Enterprise information systems can be characterized as OnLine Transaction Processing (OLTP) or OnLine Analytical Processing (OLAP). In an enterprise information system landscape, OLTP systems are mostly systems that capture information either through single transactions (e.g., web forms) or batch operations (e.g., importing CSV-files). OLAP systems are business intelligence or decision support systems, which perform complex analytics (e.g., demand planning), based on the information captured by OLTP systems. Up to the present, the separation of both types of systems manifests itself in in the form of dedicated database technologies for either of the two. Systems with an OLTP database workload mainly rely on row-oriented systems, optimized for write operations. OLAP databases favor column-oriented data layout to optimize complex read operations. The data transfer from OLTP to OLAP systems is managed via an ETL process, which extracts, transforms, and loads the data. Drawbacks of that architecture include the inability to perform real-time analytics based on the most current data and an increased total cost of ownership (TCO), because two separate systems have to be managed and maintained.

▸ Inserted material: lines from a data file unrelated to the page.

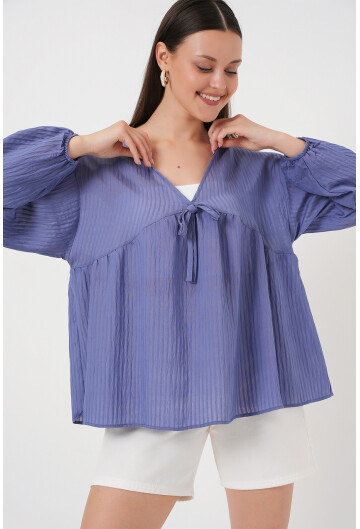 Kadın Önü Bağcıklı Uzun Kol Bluz 946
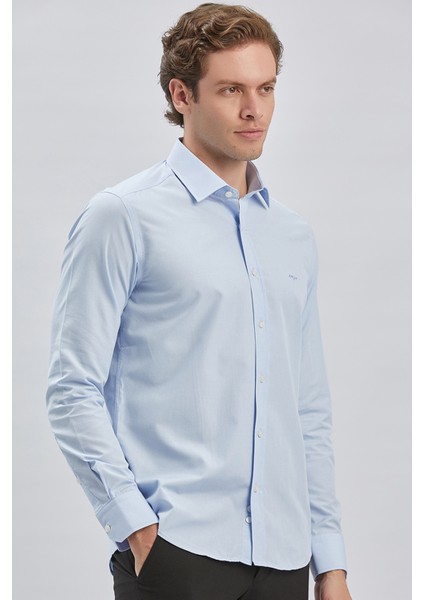 Koyu Mavi Uzun Kollu Bez Ayağı Sert Yaka Cepsiz Pamuklu Klasik Slim Fit Dar Kesim Gömlek 1004240230 modelleri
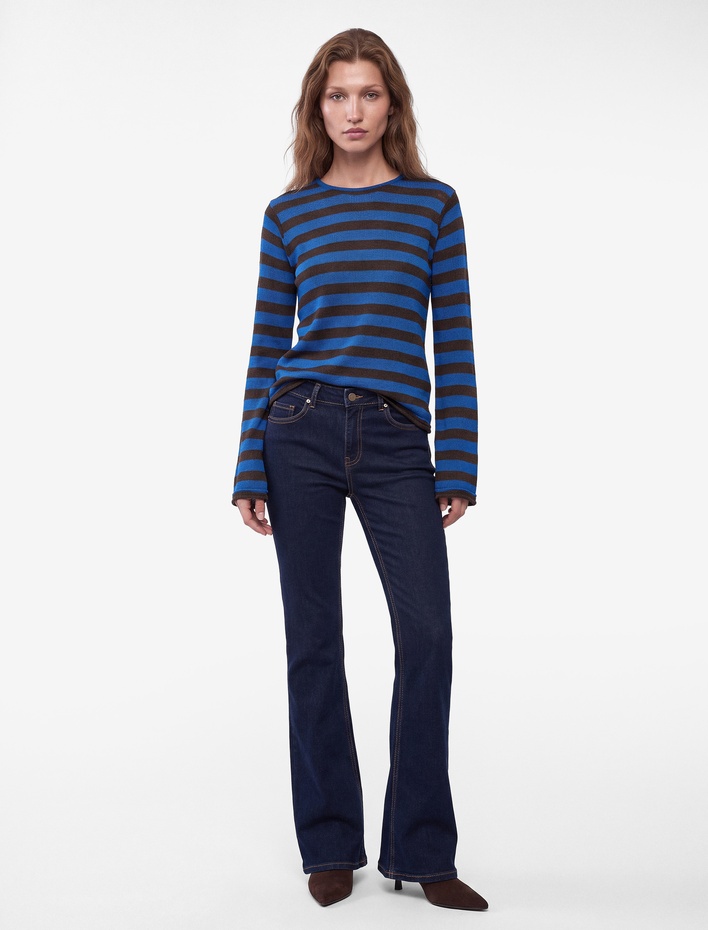  Slim Fit Bisiklet Yaka Uzun Kollu Çizgili Tişört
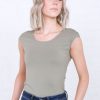 Tops Mikarose Clothing | Layering Cap Sleeve In Laurel Oak Final Sale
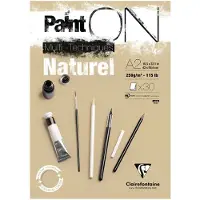 Clairefontaine Paint-On Blok A2 250gram 30 arkbrunt/naturel papir, multi teknik, toplimet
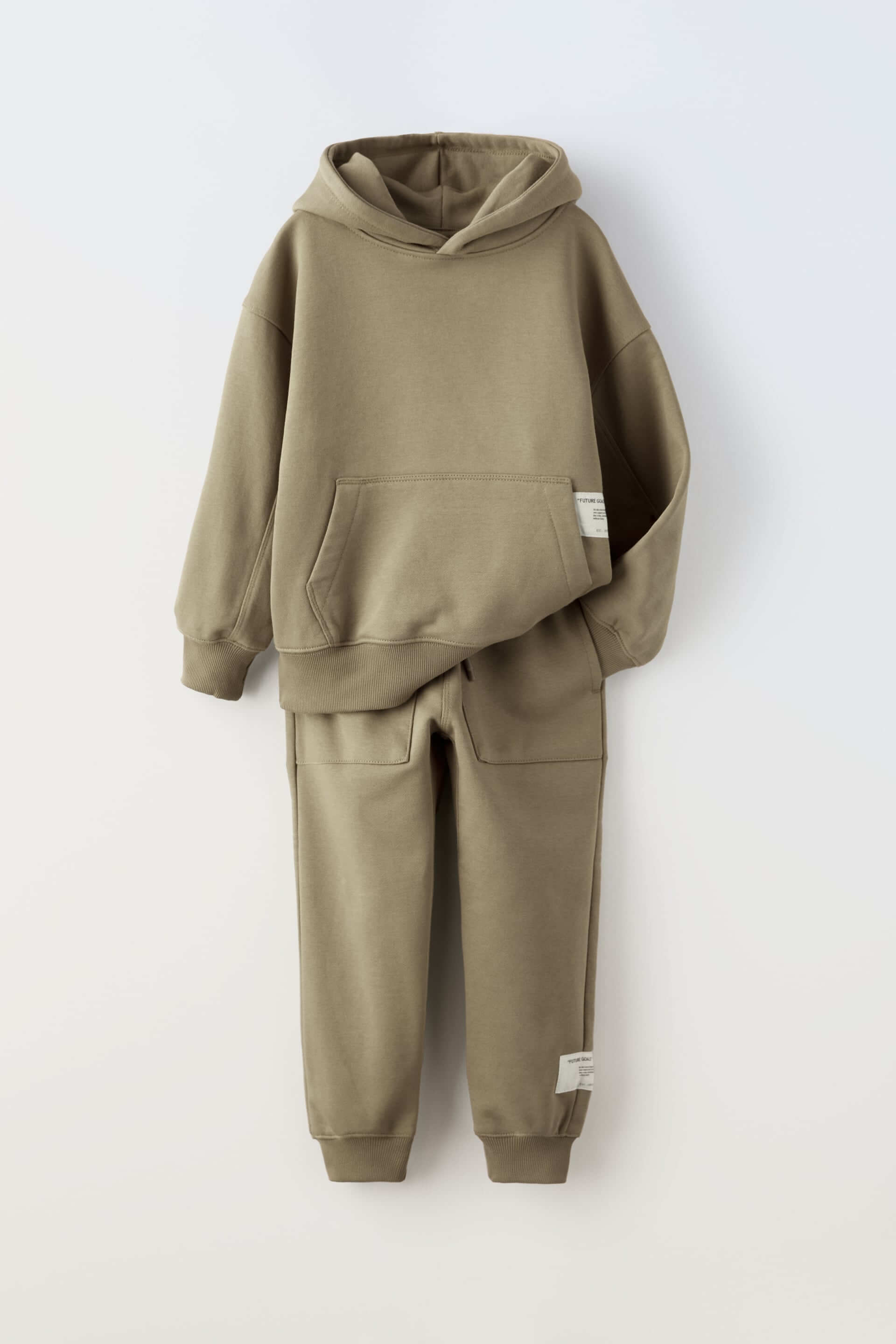 Комплект из худи и брюк Zara Plush, 2 предмета, коричневый/серо-коричневый комплект zara kids plush 2 предмета темно серый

One of the greatest promises of in-memory technology is the reunification of OLTP and OLAP. In-memory technology combines the advantages of hardware trends ( multi-core CPUs, cheap main memory) with suitable software concepts ( light-weight compression, column-orientation, differential buffer) to design a database system that allows run OLAP-style and OLTP-style queries on the same platform. A question that is to be answered is what is an appropriate data model design for a database system that supports mixed workloads. The data layout (row- vs. column-orientation) is only one characteristic that distinguishes OLAP and OLTP databases, the other one is the data model. Database schemas for OLTP systems are highly normalized to minimize the data volume and to speed up data manipulation queries. OLAP systems on the other hand are tuned to access large portions of data to analyze them in a timely manner. Star or snowflake schemas are the most prominent designs for OLAP database schemas.
In my research, I focus on data model designs and data access technologies that support the requirements of modern enterprise applications and at the same time are optimized for the concepts of an in-memory column-store.